Frenzied Moms rejoice
Newsflash for out-of-touch Hollywood studios, and for clueless (and predominantly male) film critics and militant feminist apologists: There indeed are millions of stay-at-home moms who will not only relate to but enjoy the humor and insight within “Moms’ Night Out.”
In fact, the very existence of this faith-based film is a minor miracle in itself. It doesn’t just preach to the choir, but has a subtle yet important message to moms and wives of all faiths and walks of life: Don’t be so hard on yourself, because the occasional insanity you endure day-to-day has rich and profound meaning even if society seems to demean your importance with increasing regularity.
“Moms’ Night Out” features exaggerated comedy and is often silly as depicted by frenetic mommy blogger Allyson (a believably manic Sarah Drew), who worries over every detail of her kids’ life, including the potential for salmonella poisoning and the effect of her sweet but often absent husband Sean’s (Sean Astin) violent video games on her three energetic children.
(How strange that critics would find exaggeration something to criticize, especially in a comedy, as if a baby and a Bengal tiger winding up in the same Las Vegas hotel made “The Hangover” so believable. According to www.rottentomatoes.com reviewers are killing the film while audiences are loving it.)

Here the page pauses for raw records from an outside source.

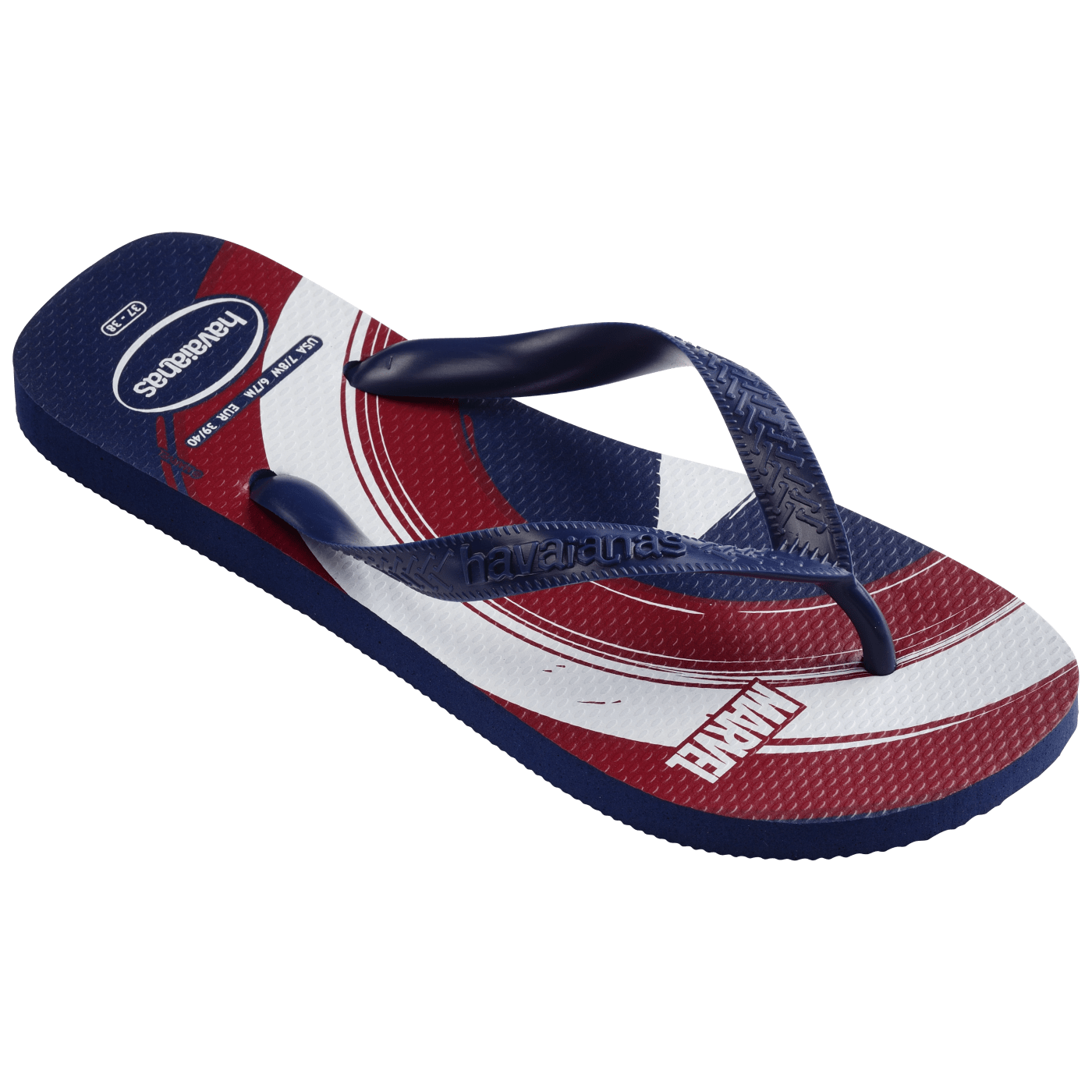 Sandalias Havaianas Top Marvel Logomania NE 4146953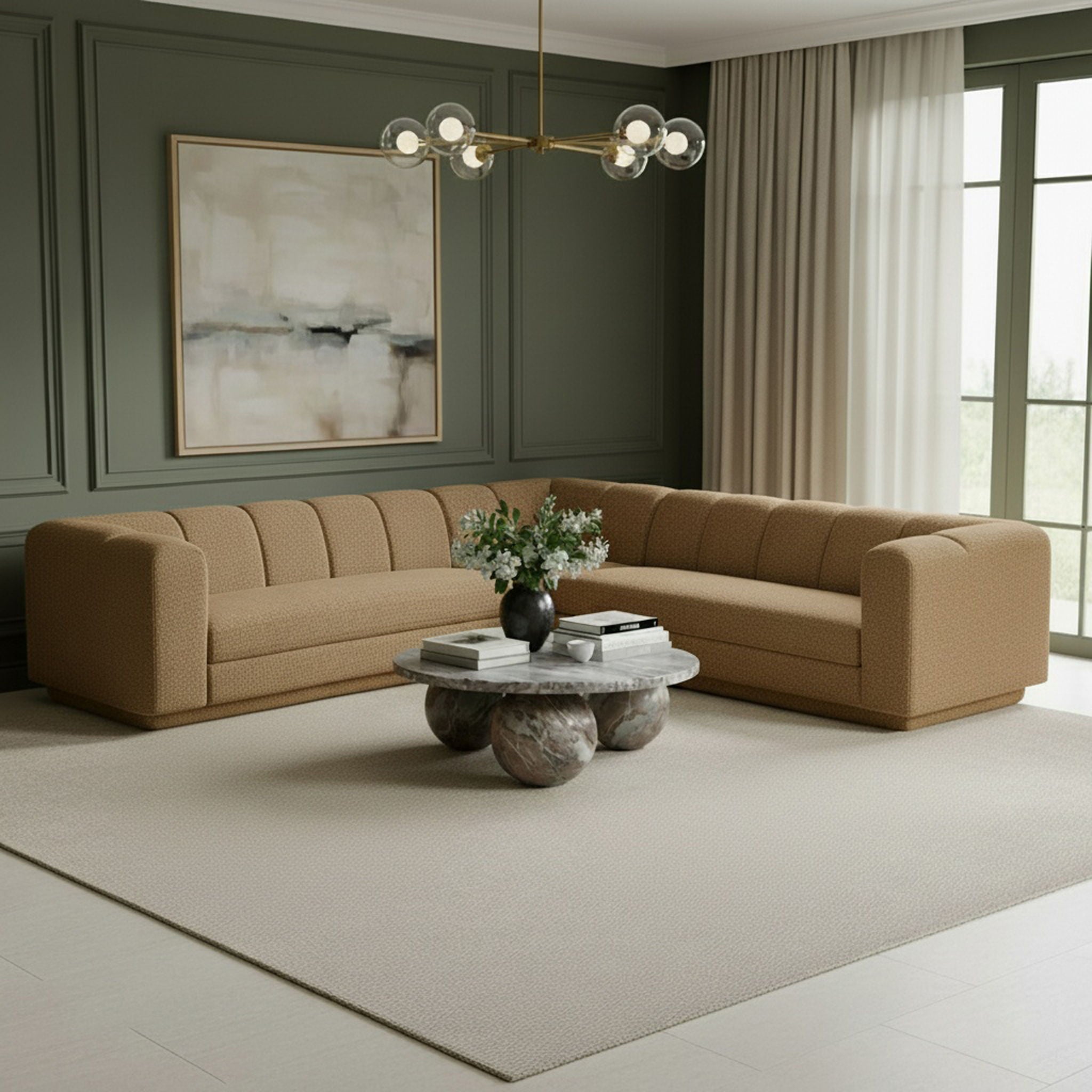 Modari - Sectional - Brown - Urban Living Furniture (Los Angeles, CA)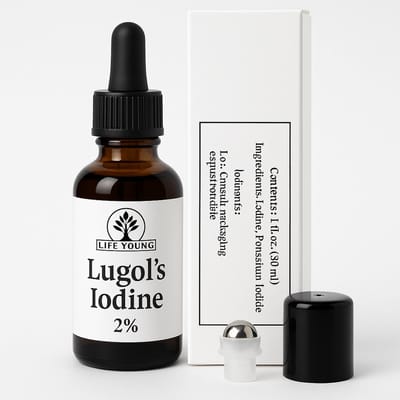 Tuana Kruiden - Lugol Iyot Damla- Lugol Aromel Jodiumdruppels - 5% - DOG09-A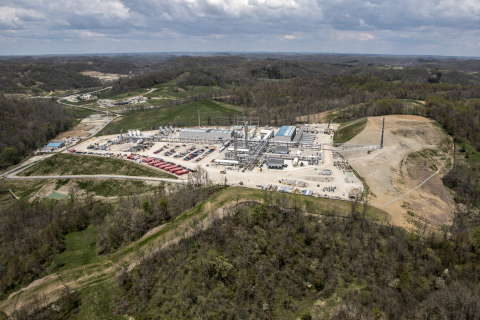 Blue Racer Midstream's Berne Natural Gas Processing Complex in Monroe County, Ohio, serves producers ...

Aching for a night out with friends to help break out of her “stress paralysis,” Allyson elicits the company of best friend Izzy (Andrea Logan White) and her pastor’s wife Sondra (Patricia Heaton of TV’s “The Middle”). Predictably, everything goes wrong. The better-than-average cast for a film of this budget pulls off the contrived but occasionally very witty comedy, particularly country star Trace Adkins as a tough but tender biker who brings some authentic perspective and gentle wisdom to the wacky proceedings.

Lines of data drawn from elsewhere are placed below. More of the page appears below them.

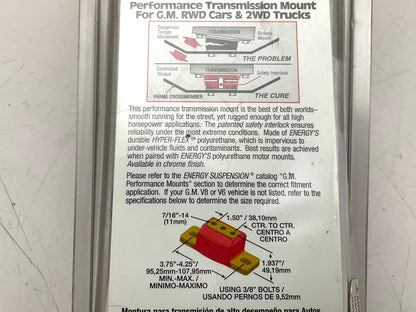 Energy 3.1108R Performance Poly Transmission Mount For GM RWD Cars & 2WD Trucks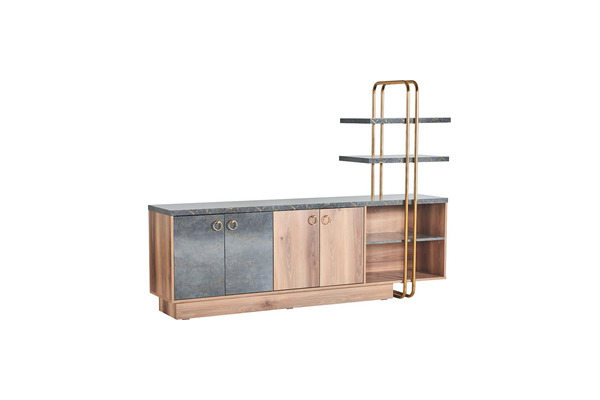 marcelin metal raf detaylı dolap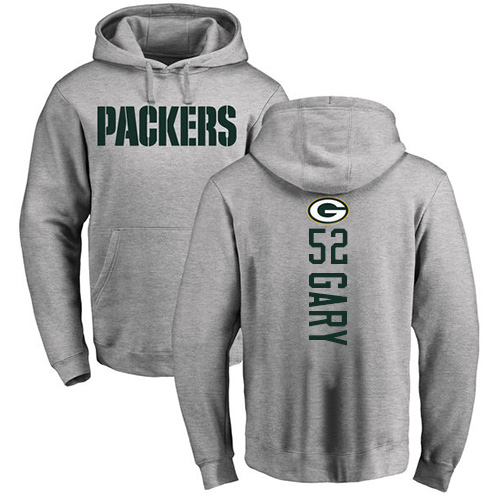 Men Green Bay Packers Ash 52 Gary Rashan Backer Nike NFL Pullover Hoodie Sweatshirts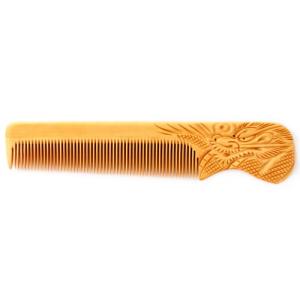 キレイ】かわいい桜（さくら）4寸5分 彫解櫛 つげ櫛 高級国産 さつま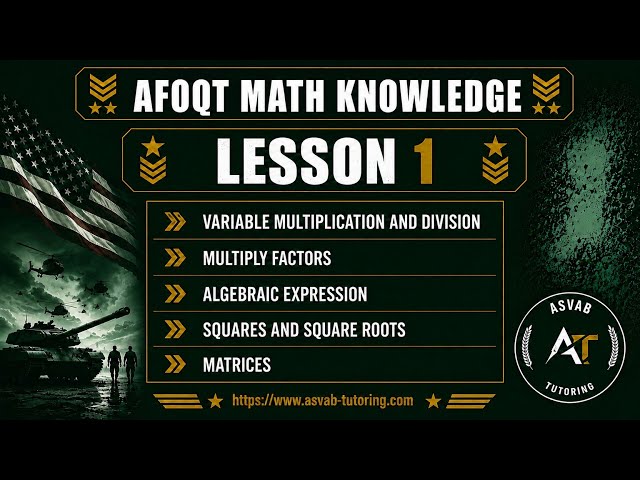 AIR FORCE OFFICER QUALIFYING TEST - AFOQT | MATH KNOWLEDGE | LESSON 1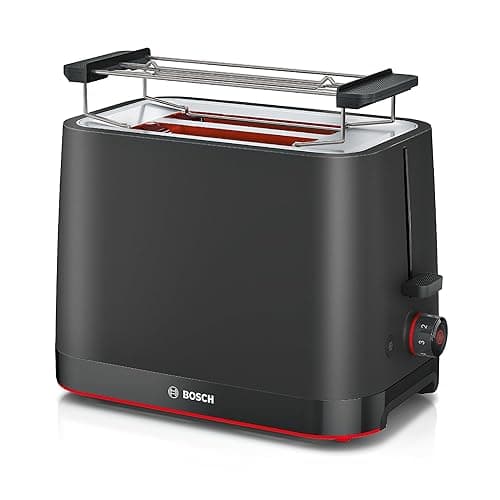 Bosch MyMoment Infuse Compact 2-Slice Toaster, TAT3M123GB, Matte Black - Toasters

What separates “Mom’s Night Out” from similar high concept comedies is how it earns its sincerity in its quiet moments. There is nothing archaic or outdated about the self-doubt a young woman may feel when all her dreams of wife and motherhood get lost in the day-to-day rigors of housecleaning and chaos management.
While “Moms’ Night Out” doesn’t break new ground in terms of its broad comedy, there are nuggets to treasure here. It’s a rare comedy for and about the extraordinarily ordinary mini-van mom who needs a little reassurance—the kind that is rarely found in Hollywood’s normal obsession with the edgy and the extreme.
Sony’s Affirm Films studio also produced two other fine family films, “Soul Surfer” and “Courageous,” and deserves credit for refusing to pander to its market as much as understanding it and seeking to inspire it. “Moms’ Night Out” is only silly on the surface and examines more truth than some are willing to admit.